Segment Start: SOURCE DATA

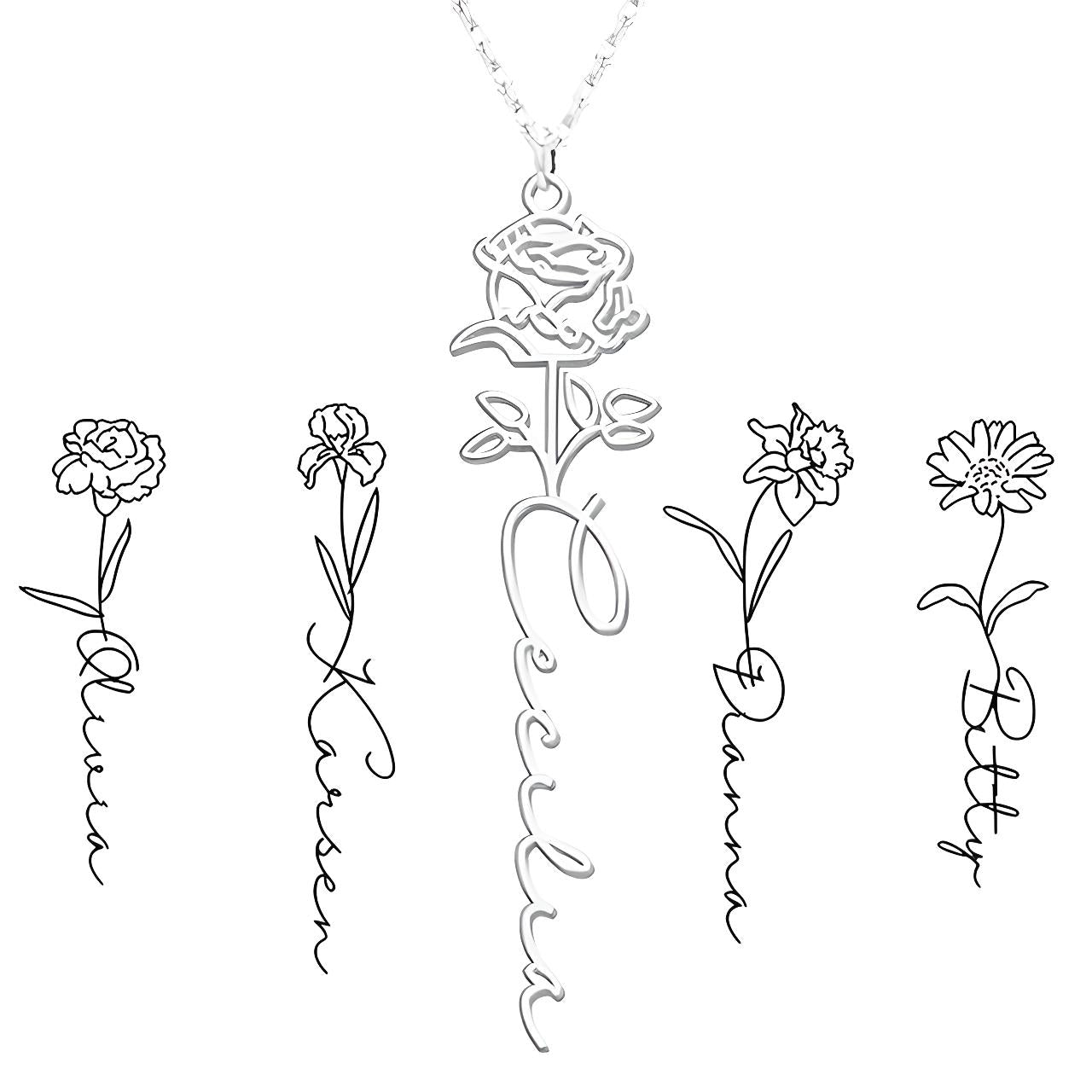 Personalized Birth Flower Necklace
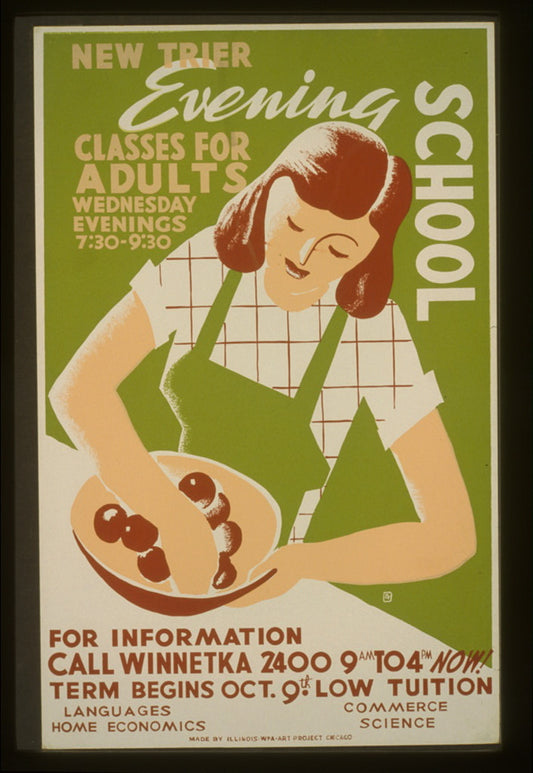 A picture of New Trier evening school Classes for adults, Wednesday evenings 7:30 - 9:30.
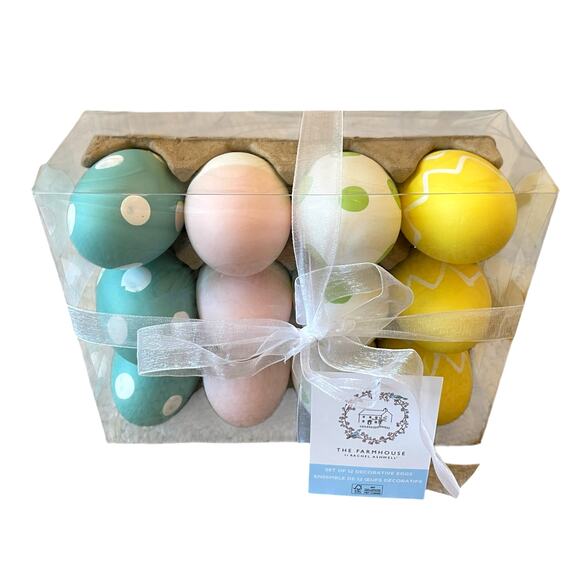 The Farmhouse Easter Eggs Boxed Set of 12 Pastel Colors Polka Dot Spring Decor - Picture 9 of 14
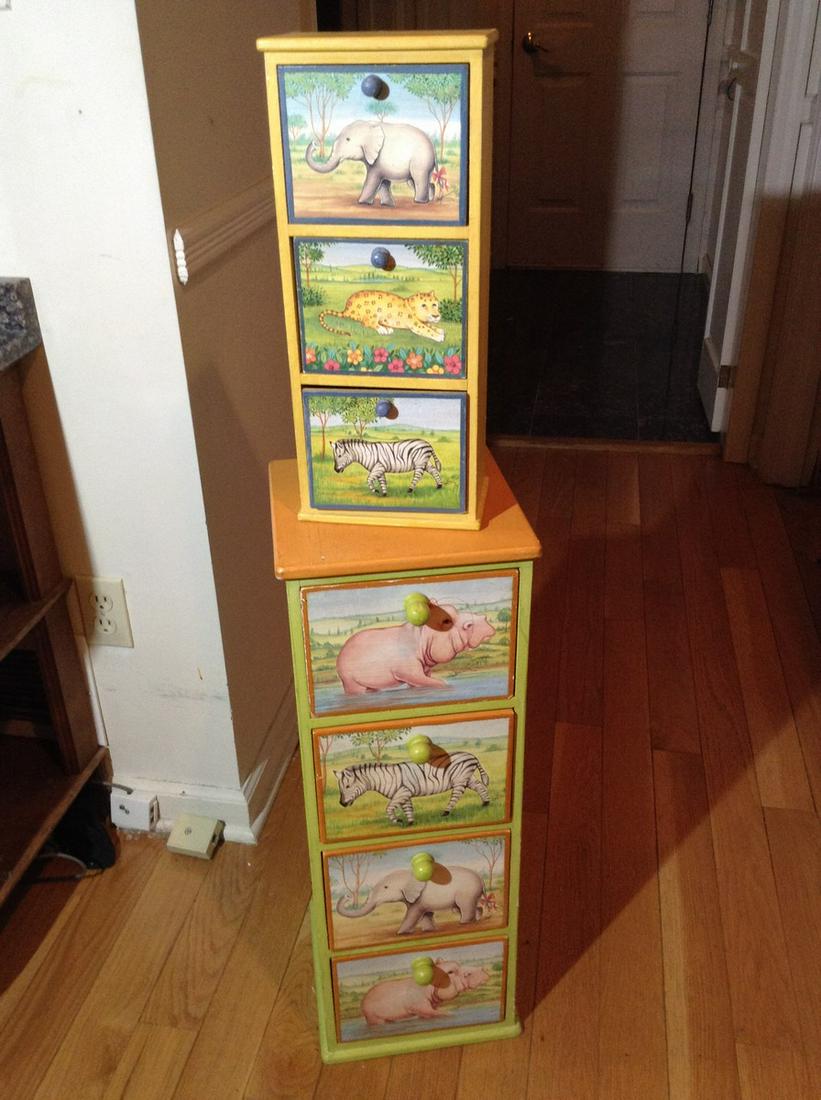 childs wooden jungle drawers 27"x10"x10": childs wooden jungle drawers 27"x10"x10"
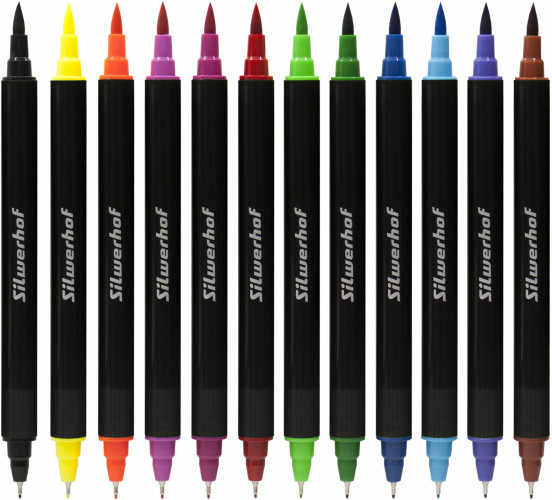 Фломастеры для скетчинга Silwerhof 11.5мм 169мм двойной пиш. наконечник Вентилируемый 12цв. пакет с европодвесом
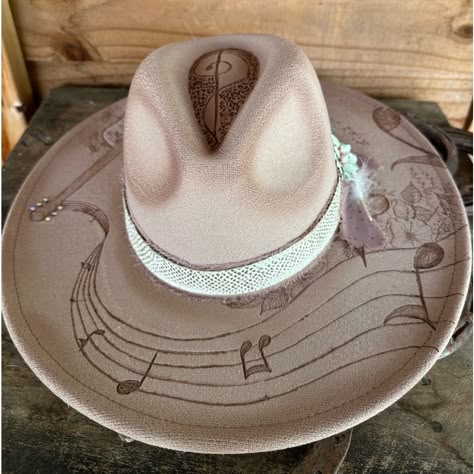 Final Clearance In Last Seasons Hats!!! Making Room For New Designs. Sassy Cactus’. “The Musician” Hand Burned And Lightly Distressed Vegan Wool, Soft Brimmed Hat Crystal Accents ‘Tips In A Jar, My Guitar, And An Old Barstool..’ Free Personalization For All The New Designs Or Custom Orders Please Visit My New Website Sassycactushatco.Com Mountain Burned Hat, Western Hats For Women Boho, Custom Hats For Women, Burned Hat Design, Burnt Hats, Cowboy Hat Crafts, Cowboy Hats For Women, Womens Western Hats, Cowgirl Hats Western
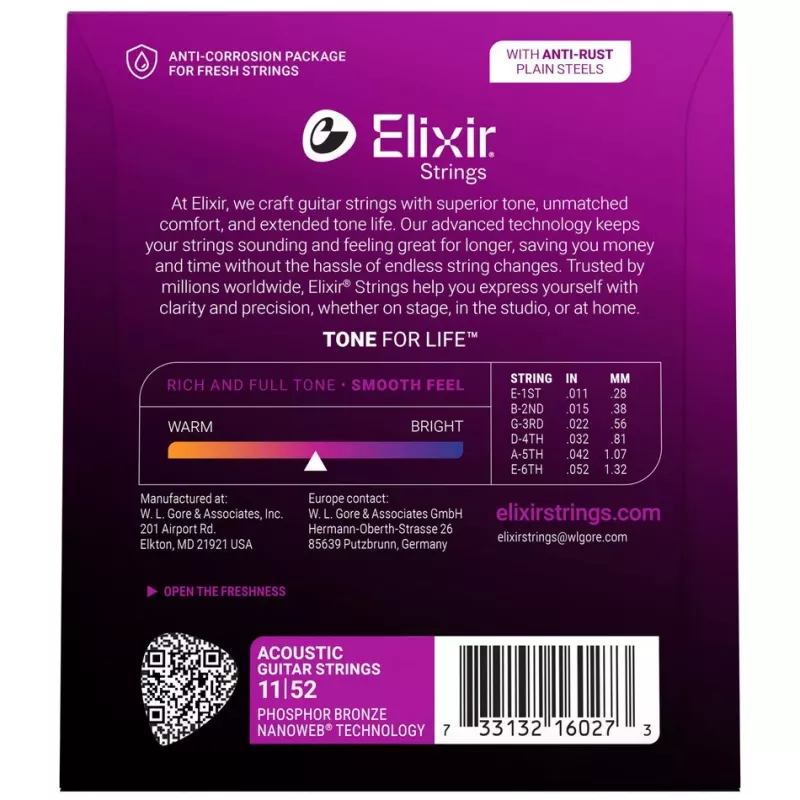 Corde per chitarra acustica Elixir Strings 16027 Phosphor Bronze Custom Light NANOWEB (11-52)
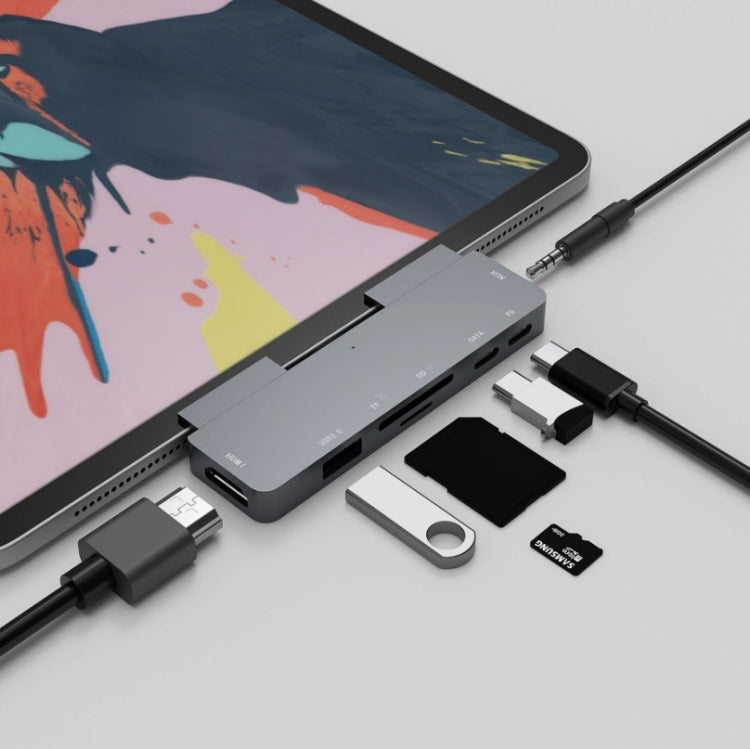 300A 7 en 1 USB3.0x1 + HDMIx1 + PD Portx1 + Type-Cx1 + SD/TF + 3,5 mm Portx1 Adaptador HUB de extensión multifuncional para iPad Pro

Segment End: SOURCE DATA

▸ TASK TO COMPLETE
Would you return the records exactly, keeping out every picture?

▸ ANSWER TO THE EXERCISE
 Personalized Birth Flower Necklace
 A picture of New Trier evening school Classes for adults, Wednesday evenings 7:30 - 9:30.
 The Farmhouse Easter Eggs Boxed Set of 12 Pastel Colors Polka Dot Spring Decor - Picture 9 of 14
 childs wooden jungle drawers 27"x10"x10": childs wooden jungle drawers 27"x10"x10"
 Фломастеры для скетчинга Silwerhof 11.5мм 169мм двойной пиш. наконечник Вентилируемый 12цв. пакет с европодвесом
 Final Clearance In Last Seasons Hats!!! Making Room For New Designs. Sassy Cactus’. “The Musician” Hand Burned And Lightly Distressed Vegan Wool, Soft Brimmed Hat Crystal Accents ‘Tips In A Jar, My Guitar, And An Old Barstool..’ Free Personalization For All The New Designs Or Custom Orders Please Visit My New Website Sassycactushatco.Com Mountain Burned Hat, Western Hats For Women Boho, Custom Hats For Women, Burned Hat Design, Burnt Hats, Cowboy Hat Crafts, Cowboy Hats For Women, Womens Western Hats, Cowgirl Hats Western
 Corde per chitarra acustica Elixir Strings 16027 Phosphor Bronze Custom Light NANOWEB (11-52)
 300A 7 en 1 USB3.0x1 + HDMIx1 + PD Portx1 + Type-Cx1 + SD/TF + 3,5 mm Portx1 Adaptador HUB de extensión multifuncional para iPad Pro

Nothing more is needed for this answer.